Per usual, I came home, excited to share all the stories of my day with my mom and, again with my dad when he returned home from his day of making money which is what I told my teacher and all my classmates he did when it was ‘share your dad’s job with the class day.’ My dad's job was so much easier than my mom's which was being my mom. But stories would have to wait because my mom thought it best to get to the tragic news so we could proceed with the grief and tears and begin the funeral arrangements she had prepared for Tootie the turtle. I don’t remember if she was wearing a black veil at that time but I knew she looked sad and that I wasn’t going to get a snack any time soon.
She hugged me and said…’Honey, I need to tell you some sad news. Tootie died today. I’m so sorry but I have a little box we can bury him in and we can have a little ceremony and talk about how much Tootie meant to us and what a great pet turtle he had been” to which I replied…”why didn’t you just flush him down the toilet and then we can get another one?”
Even little 7s don’t know how to process grief and look to the possibility of what the future holds. A new turtle would make it all better, it seemed. My mom didn’t flush Tootie down the toilet but, in her wisdom, made me stay with the moment and talk about Tootie as something I had feelings for…something I loved. She, as a type 2, processes everything through feelings-her own as well as the ones she assumes those she loves must be feeling.
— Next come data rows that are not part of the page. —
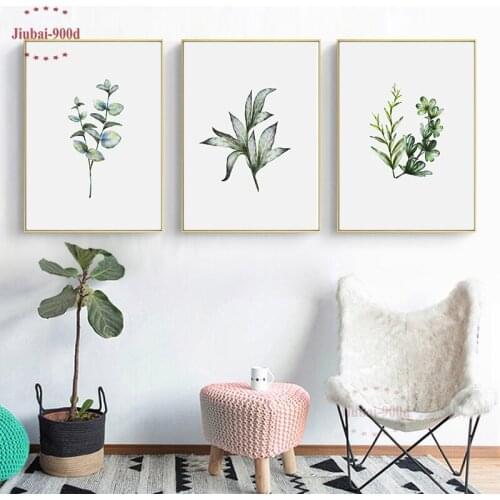 900D Posters And Prints Wall Art Canvas Painting Green Palm Wall Pictures For Living Room Poster Nordic Cuadros Decoracion NOR93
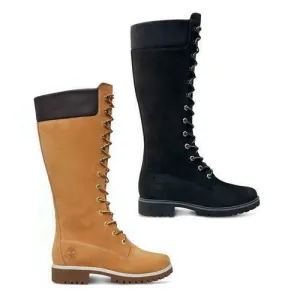 Timberland 14 Inch Tall Womens Ladies Waterproof Wheat Black Boots Size 4-8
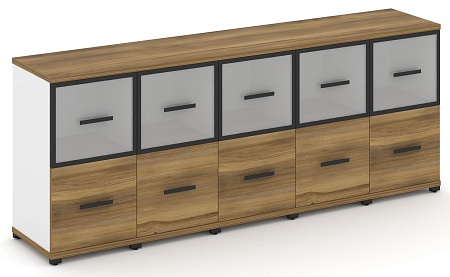 Шкаф пять узких секций, 2 ниши (5 фасадов  ЛДСП, 1 ниша + 5 фасадов стекло белое матовое в раме, 1 ниша) CN.STU-252 RM B/W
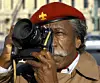 Gordon Parks holding camera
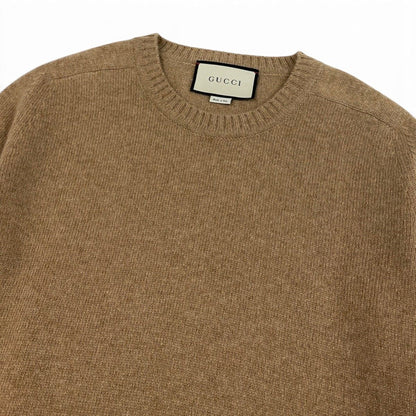 Gucci Cashmere Knit Sweater Horsebit Half Sleeve Beige L — view 4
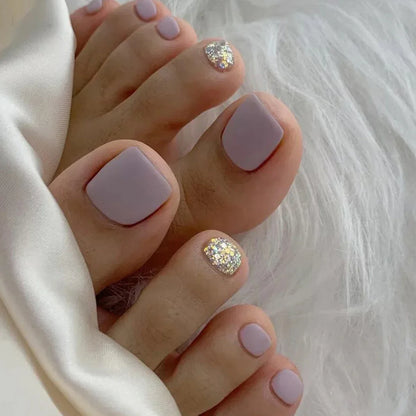 Full-Cover Nude Toe Nails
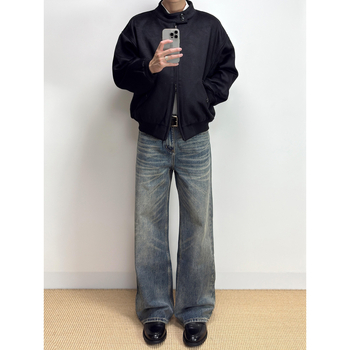 Muške traperice u retro stilu ravne kroja, srednji struk, zip, denim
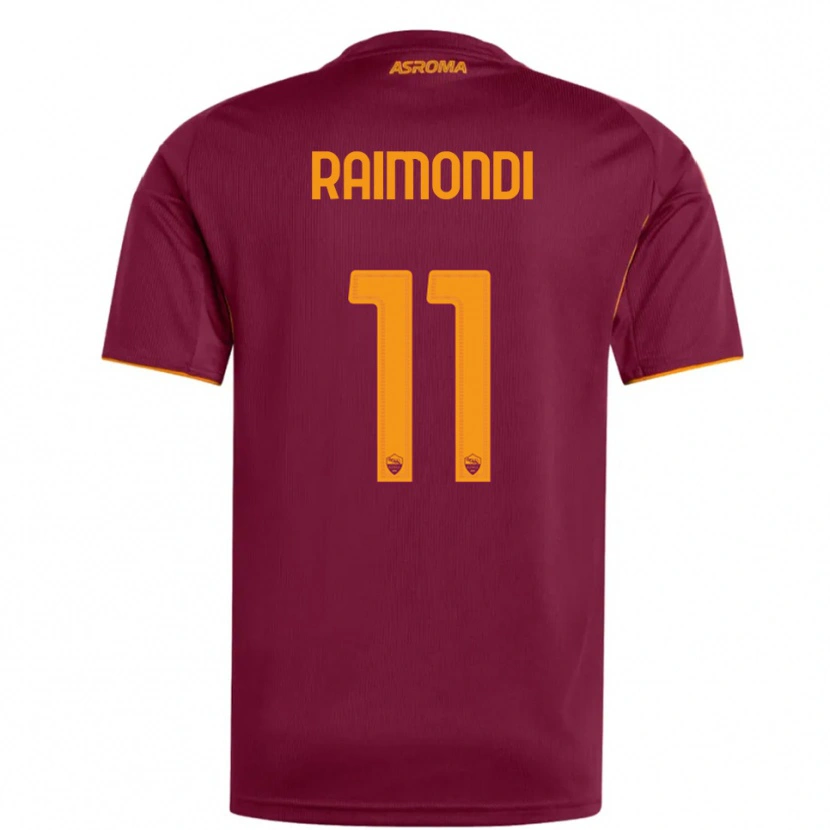 Danxen Bambino Maglia Simone Raimondi #11 Bordeaux Arancione Kit Gara Home 2025/26 Maglietta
Type 7s process by thinking and planning for the future…hard feelings tend to get in the way. She wanted me to feel. I wanted to get on with life. It was a pivotal moment in both of our lives.
I don’t remember much about the event other than from my mom who has shared the story with me many times. Little 7s don’t want to stay anywhere too long, including the past, but she knew, intuitively, that this was a sneak peek into my personality. Without the language of the Enneagram to put words with these actions, without understanding what my fears or motivations were, she knew my energy was different from hers.
Learning to observe these energies in our littles is such a gift to both the child and the parent as it helps us to understand how we all navigate feeling safe and how we attempt to get our needs met in this big, big world. In Enneagram language, these energies are called ‘Stances’. If the subject of Stances is new and you’d like to know more in relation to observing them in children, I invite you to read my Blog entitled “No Girls Allowed”. Knowing this one piece of information can make such a difference.
Look for the signs…they’re everywhere.